Before the judge charged the jury, Philip Morris’ attorney stated: “I assume Your Honor does not want us to come to the sidebar after you read the instructions and reassert all of the objections we made, both in writing and at the charge conference.”
Sarrouf responded: “I can acknowledge the fact that both parties have lodged their objections with regard to the jury instructions as read.”
After a 20-day trial, the jury issued a defense verdict on all claims.
The plaintiff appealed, challenging the jury instruction.
Reversal in part
Ruling on the issue of whether the plaintiff preserved his objection, the Appeals Court warned that under Rule 51(b), a post charge objection should be made with specificity and that counsel “proceeds at considerable peril” in objecting to an instruction simply by referring to discussions and rulings during a charge conference.

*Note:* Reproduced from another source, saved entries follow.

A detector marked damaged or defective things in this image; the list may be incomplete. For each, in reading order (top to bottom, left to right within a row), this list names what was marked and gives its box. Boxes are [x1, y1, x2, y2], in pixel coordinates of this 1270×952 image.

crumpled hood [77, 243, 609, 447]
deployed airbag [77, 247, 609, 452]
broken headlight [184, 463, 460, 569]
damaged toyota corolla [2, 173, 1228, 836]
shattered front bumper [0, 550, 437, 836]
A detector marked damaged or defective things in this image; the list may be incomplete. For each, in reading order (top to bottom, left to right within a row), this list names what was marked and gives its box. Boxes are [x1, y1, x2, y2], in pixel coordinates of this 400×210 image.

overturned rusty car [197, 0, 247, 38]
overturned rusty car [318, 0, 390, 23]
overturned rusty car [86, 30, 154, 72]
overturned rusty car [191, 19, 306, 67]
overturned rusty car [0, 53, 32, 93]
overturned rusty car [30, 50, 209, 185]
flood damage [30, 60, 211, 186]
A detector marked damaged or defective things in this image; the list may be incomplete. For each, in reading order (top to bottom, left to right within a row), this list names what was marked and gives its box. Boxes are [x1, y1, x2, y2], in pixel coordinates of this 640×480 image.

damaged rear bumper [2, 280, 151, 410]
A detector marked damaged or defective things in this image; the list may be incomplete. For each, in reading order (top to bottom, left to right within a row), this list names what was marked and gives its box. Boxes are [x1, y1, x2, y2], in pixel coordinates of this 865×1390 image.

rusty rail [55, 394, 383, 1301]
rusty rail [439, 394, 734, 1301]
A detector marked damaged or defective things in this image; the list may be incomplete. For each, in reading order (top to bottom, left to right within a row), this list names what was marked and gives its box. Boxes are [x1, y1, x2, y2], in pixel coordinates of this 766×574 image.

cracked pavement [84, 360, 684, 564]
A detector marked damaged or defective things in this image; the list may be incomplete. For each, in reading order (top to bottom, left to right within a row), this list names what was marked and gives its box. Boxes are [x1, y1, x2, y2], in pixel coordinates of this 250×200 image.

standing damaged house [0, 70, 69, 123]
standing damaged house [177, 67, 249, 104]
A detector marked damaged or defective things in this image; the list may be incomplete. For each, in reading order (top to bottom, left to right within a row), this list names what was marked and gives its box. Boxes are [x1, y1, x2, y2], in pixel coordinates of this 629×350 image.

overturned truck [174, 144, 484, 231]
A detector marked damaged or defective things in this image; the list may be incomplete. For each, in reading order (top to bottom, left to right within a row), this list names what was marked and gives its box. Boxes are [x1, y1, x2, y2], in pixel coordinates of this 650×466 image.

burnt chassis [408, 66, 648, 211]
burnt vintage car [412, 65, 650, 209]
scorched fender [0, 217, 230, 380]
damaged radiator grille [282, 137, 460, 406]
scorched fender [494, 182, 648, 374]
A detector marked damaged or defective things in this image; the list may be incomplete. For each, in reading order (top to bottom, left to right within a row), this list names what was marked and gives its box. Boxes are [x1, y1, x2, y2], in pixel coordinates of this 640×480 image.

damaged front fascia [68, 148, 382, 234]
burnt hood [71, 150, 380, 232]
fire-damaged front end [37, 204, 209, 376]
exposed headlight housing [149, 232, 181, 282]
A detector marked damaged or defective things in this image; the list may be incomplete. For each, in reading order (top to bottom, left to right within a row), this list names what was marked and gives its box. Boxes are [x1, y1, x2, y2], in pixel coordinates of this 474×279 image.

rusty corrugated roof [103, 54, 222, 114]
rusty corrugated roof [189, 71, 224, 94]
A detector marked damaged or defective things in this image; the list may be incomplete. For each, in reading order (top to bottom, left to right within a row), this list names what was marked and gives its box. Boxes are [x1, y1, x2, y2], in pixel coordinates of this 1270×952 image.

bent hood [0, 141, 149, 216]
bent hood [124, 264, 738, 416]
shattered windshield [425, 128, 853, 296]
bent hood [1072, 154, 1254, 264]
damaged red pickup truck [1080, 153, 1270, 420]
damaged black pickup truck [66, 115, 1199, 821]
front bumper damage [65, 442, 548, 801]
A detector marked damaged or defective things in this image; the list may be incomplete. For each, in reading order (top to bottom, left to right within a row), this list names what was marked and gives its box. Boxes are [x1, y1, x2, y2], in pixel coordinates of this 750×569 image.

Regardless, the court continued, the purpose of Rule 51(b) is to put the judge on notice of the issue, and the judge’s exchange with counsel pre-charge satisfied those requirements.
Turning to the issue of the instruction itself, the panel noted that as plaintiff’s counsel explained at the charge conference, the standard for liability under Chapter 93A differs from that for fraud and misrepresentation in that a 93A claim based on deceptive acts does not require proof that the plaintiff relied on the representation or that the defendant knew the representation was false and intended to deceive the plaintiff.
For those reasons, the panel found, the 93A claim was not “legally intertwined” with the fraud and misrepresentation claim such that a jury’s failure to find liability on that or any other tort claim precluded 93A liability.
Meanwhile, the court rejected the defense argument that the plaintiff’s requested instruction lacked any evidentiary basis.
The panel noted that the plaintiff presented evidence that, in response to scientific studies in the 1950s showing a link between cigarette smoking and lung cancer, cigarette sales dropped and tobacco companies, including Philip Morris, conducted a public relations campaign designed to cast doubt on whether cigarettes caused lung cancer.
“They also denied that nicotine, the main active ingredient in tobacco, was addictive, even after the Surgeon General reported it was in 1988, and even though the companies had studied what levels of nicotine were necessary to create and sustain addiction,” Toone wrote. “Finally, Philip Morris promoted ‘filtered,’ ‘light,’ and ‘low tar’ cigarettes as healthier alternatives to regular cigarettes, despite knowing that these products were not safer.”
In light of such evidence, the Appeals Court concluded the instruction was faulty and vacated the judgment on the 93A claim.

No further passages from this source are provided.